§ TASK DESCRIPTION
Identify the line in which "Sci-Fi Fleece-Hoodie, Star" appears, then reproduce that line and all remaining lines of the records word for word.

- Opening Delimiter -

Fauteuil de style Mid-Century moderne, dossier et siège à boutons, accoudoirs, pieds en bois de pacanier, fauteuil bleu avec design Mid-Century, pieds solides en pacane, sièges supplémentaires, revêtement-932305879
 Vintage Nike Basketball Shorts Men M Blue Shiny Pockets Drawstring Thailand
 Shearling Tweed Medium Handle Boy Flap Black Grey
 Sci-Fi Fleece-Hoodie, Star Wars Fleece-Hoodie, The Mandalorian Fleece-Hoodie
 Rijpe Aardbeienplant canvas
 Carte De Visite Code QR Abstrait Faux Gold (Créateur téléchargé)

- Closing Delimiter -

§ WRITTEN ANSWER
 Sci-Fi Fleece-Hoodie, Star Wars Fleece-Hoodie, The Mandalorian Fleece-Hoodie
 Rijpe Aardbeienplant canvas
 Carte De Visite Code QR Abstrait Faux Gold (Créateur téléchargé)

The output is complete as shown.